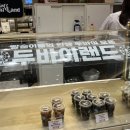 콩이랑 초이랑 이미지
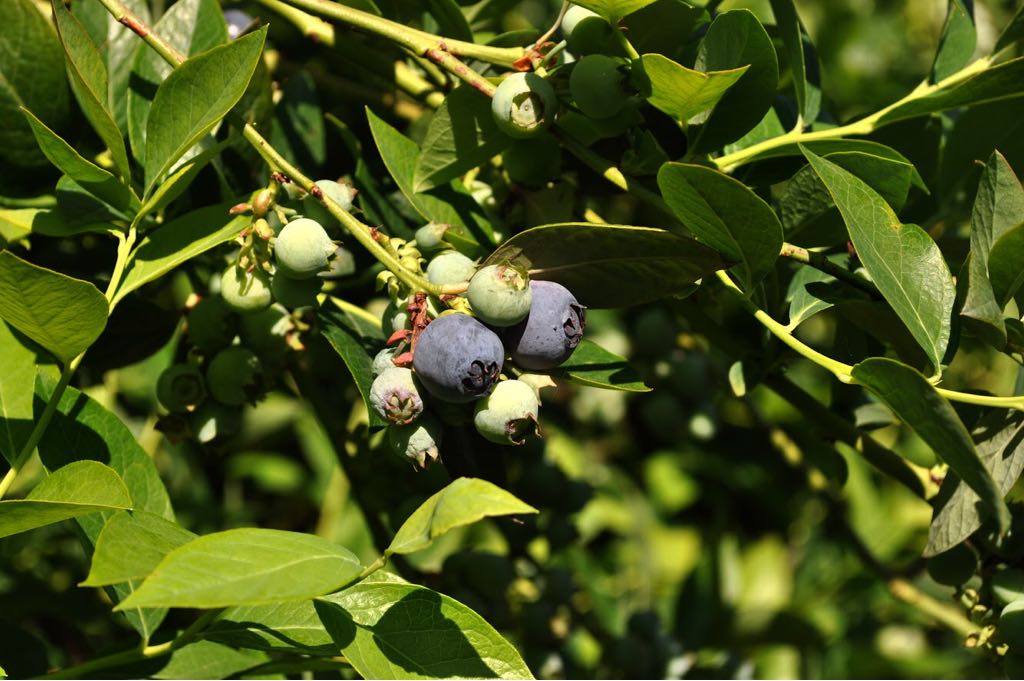 Blueberries. Copyright: Proarándanos.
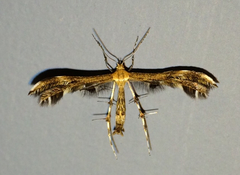 Dejongia lobidactylus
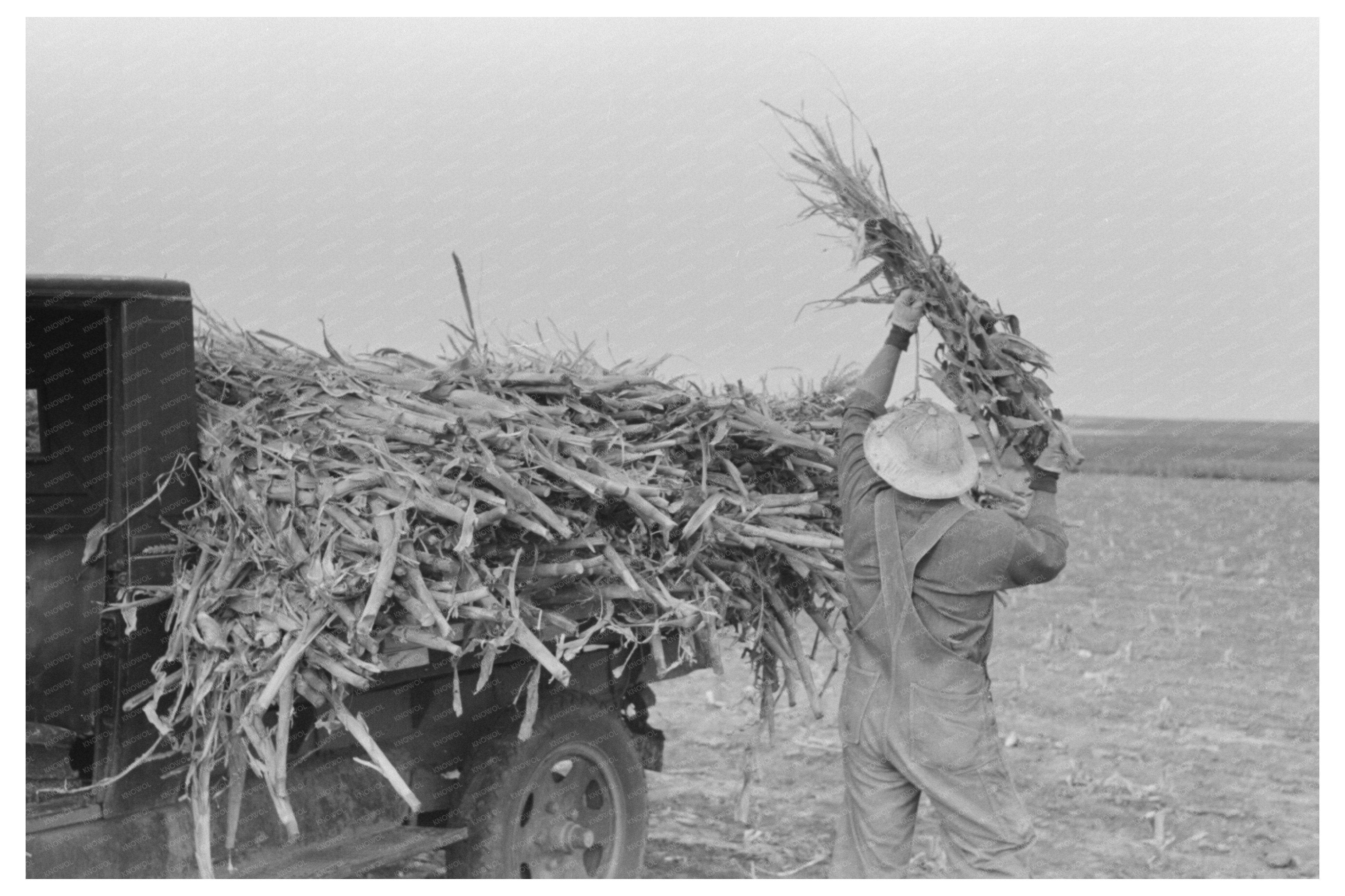 Loading Corn for Fodder Sheridan County Kansas 1939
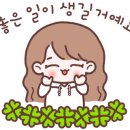 거제비타민씨 네이버블로그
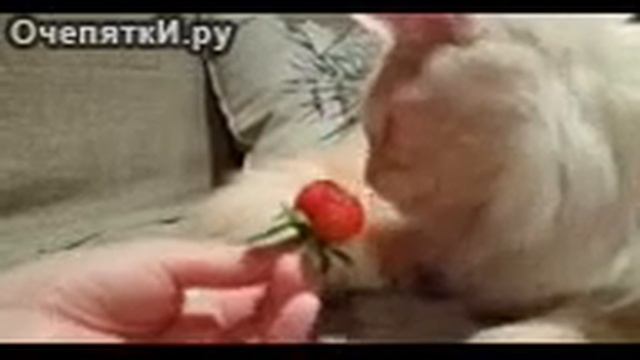 Кот ест клубнику смотреть онлайн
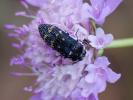  Acmaeoderella flavofasciata (Piller & Mitterpacher, 1783)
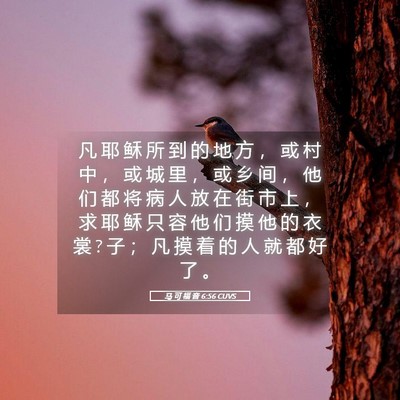 Picture 05 - 马 可 福 音 6:56 CUVS - 凡 耶 稣 所 到 的 地 方 ， 或 村 中 - Bible Verse Picture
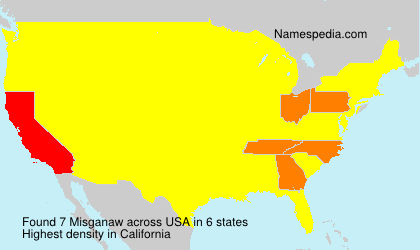 Surname Misganaw in USA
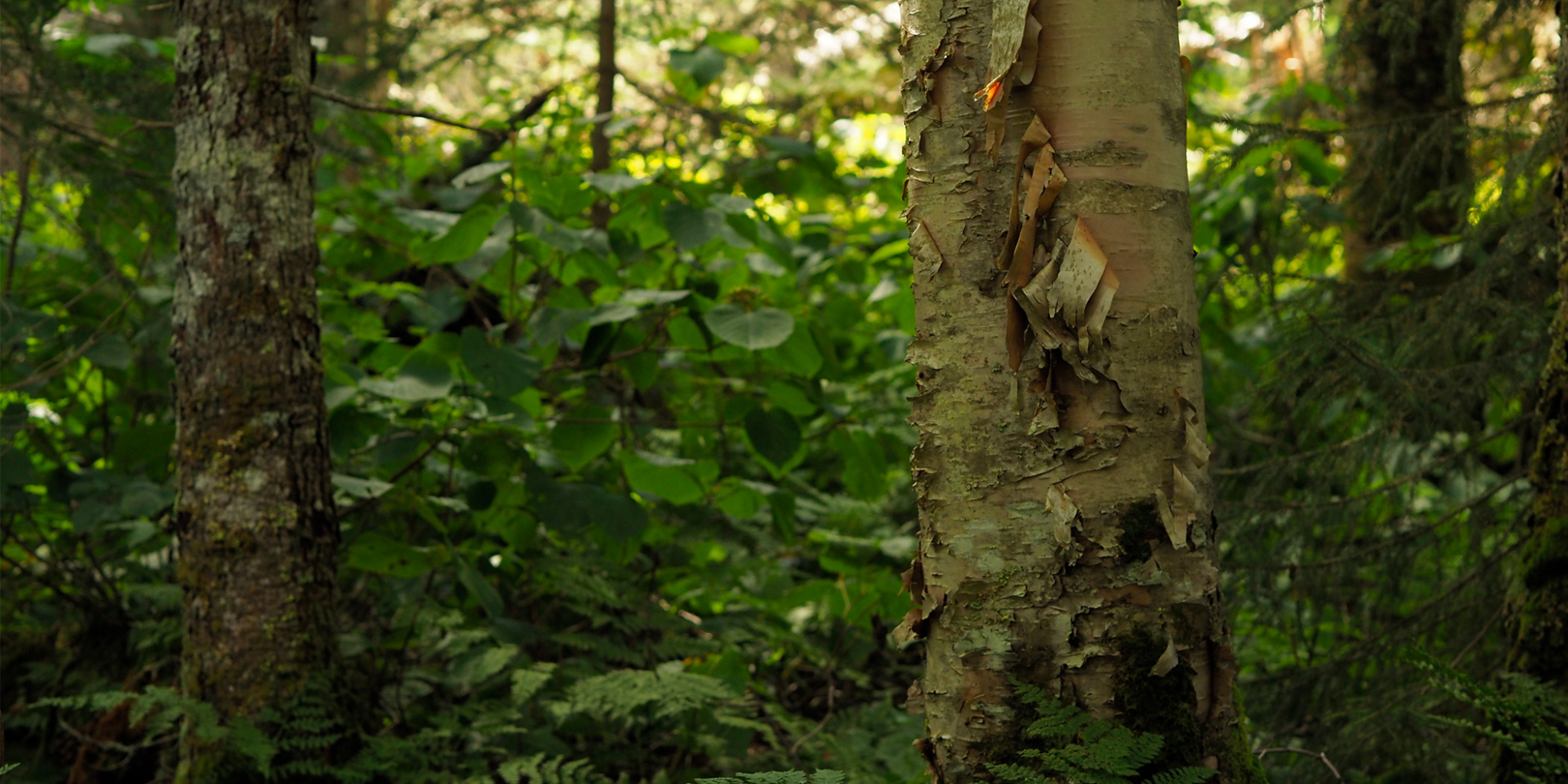 Magalloway_Shelby_Banner and Feature Image 1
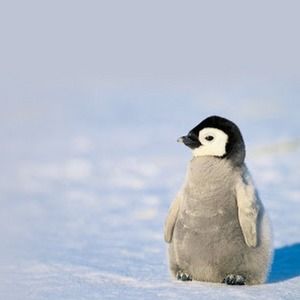 Meet your Posher, Kay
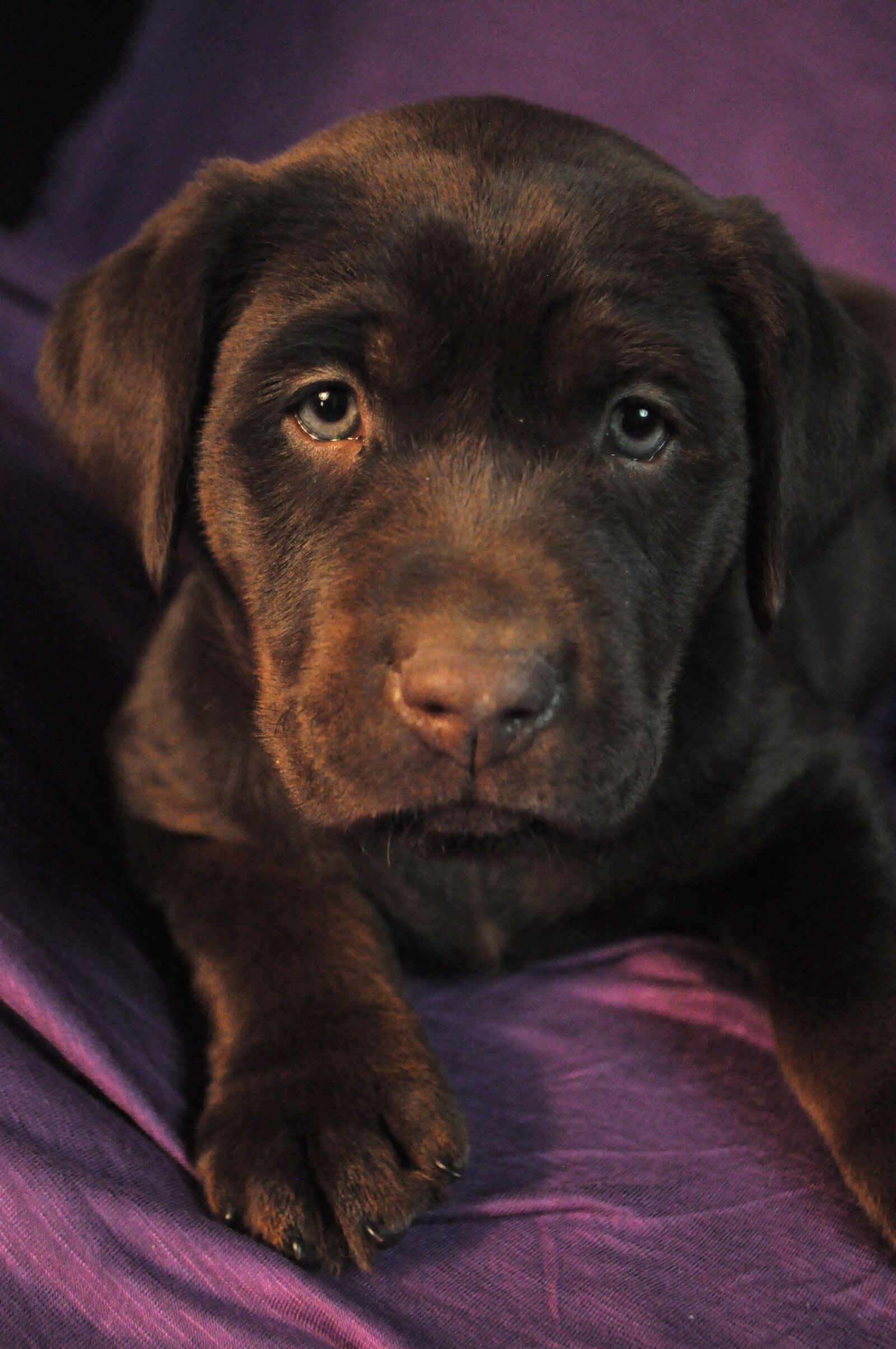 Nikon D5000 sample photo. Puppy, labrador, chocolate photography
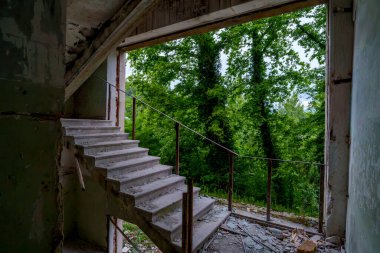 Harap olmuş bir binanın beton merdivenleri. Eksik bir dış duvarın içindeki canlı ağaçlar..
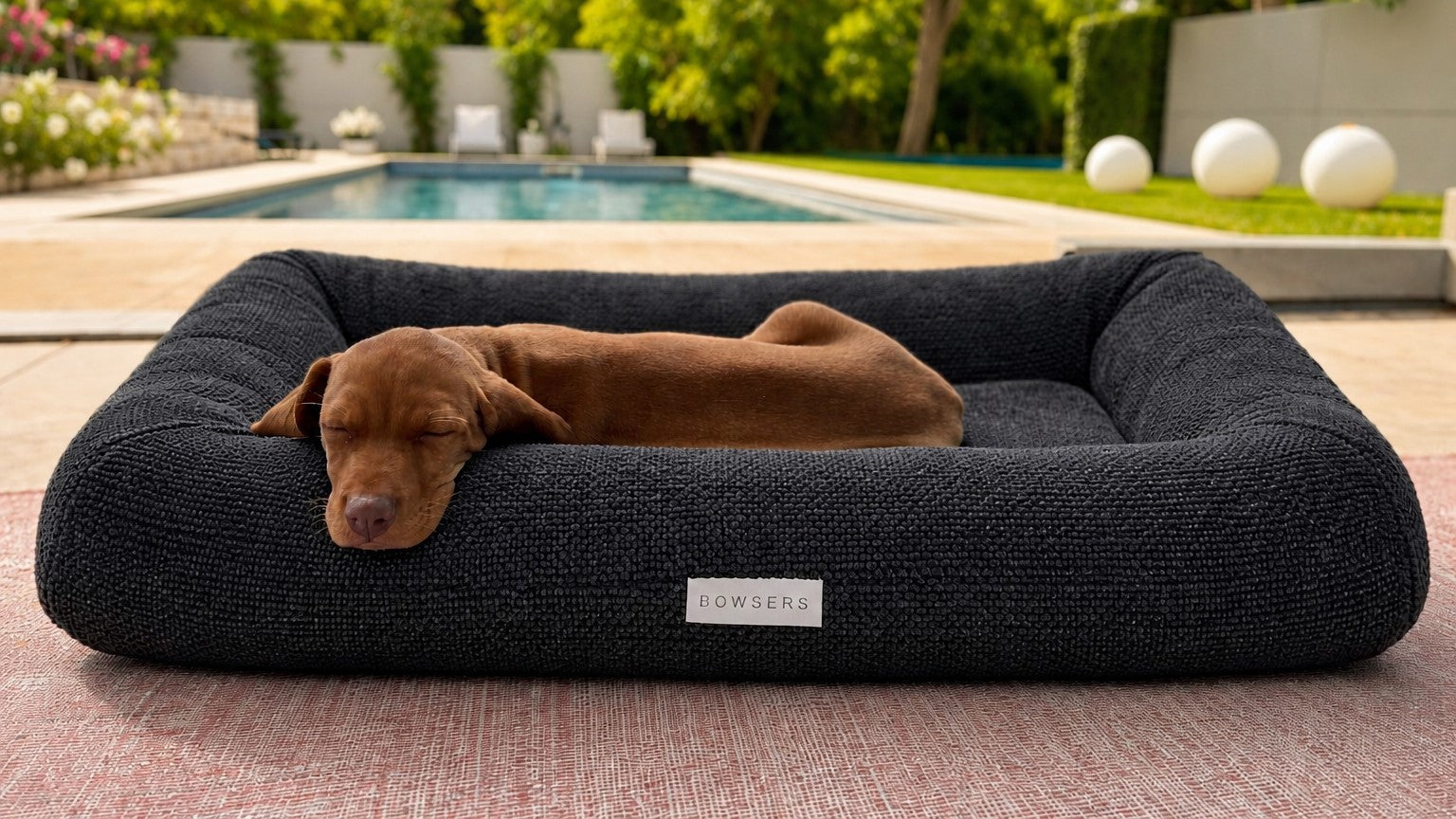 Hugo Futon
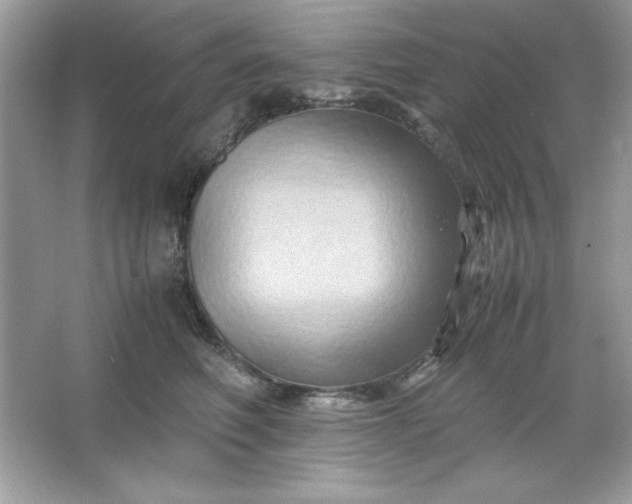 X0000066020614200603171533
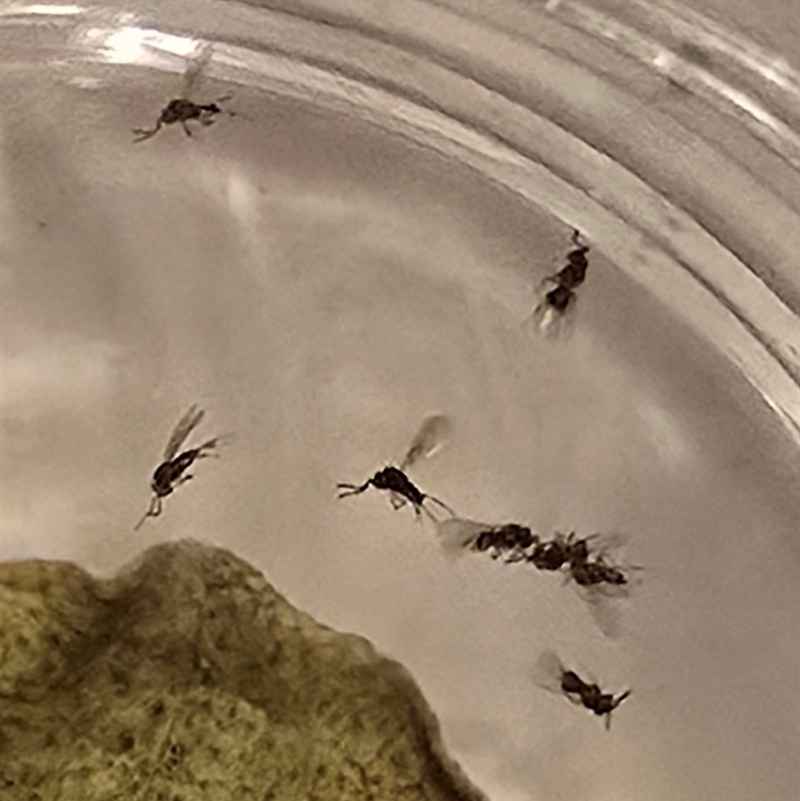 Telenomus sp. (genus)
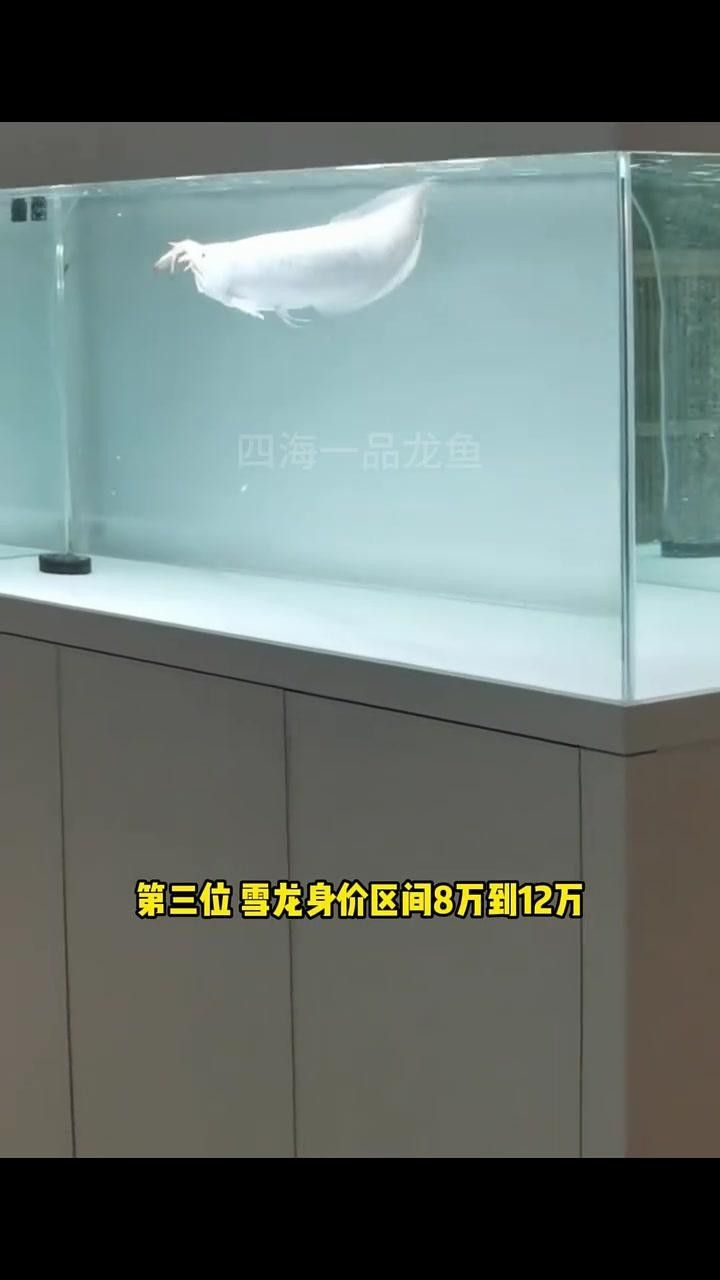 四種最貴龍魚(yú)硬核盤點(diǎn)（2025年龍魚(yú)市場(chǎng)價(jià)格參考及影響因素分析紅龍魚(yú)價(jià)格）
════════════════
-- Work task --
Your copy should consist only of the lines from the line holding "Meet your Posher, Kay" through the final line of the listing above, both included, with all pictures omitted.

-- Solution to this task --
 Meet your Posher, Kay
 Nikon D5000 sample photo. Puppy, labrador, chocolate photography
 Harap olmuş bir binanın beton merdivenleri. Eksik bir dış duvarın içindeki canlı ağaçlar..
 Hugo Futon
 X0000066020614200603171533
 Telenomus sp. (genus)
 四種最貴龍魚(yú)硬核盤點(diǎn)（2025年龍魚(yú)市場(chǎng)價(jià)格參考及影響因素分析紅龍魚(yú)價(jià)格）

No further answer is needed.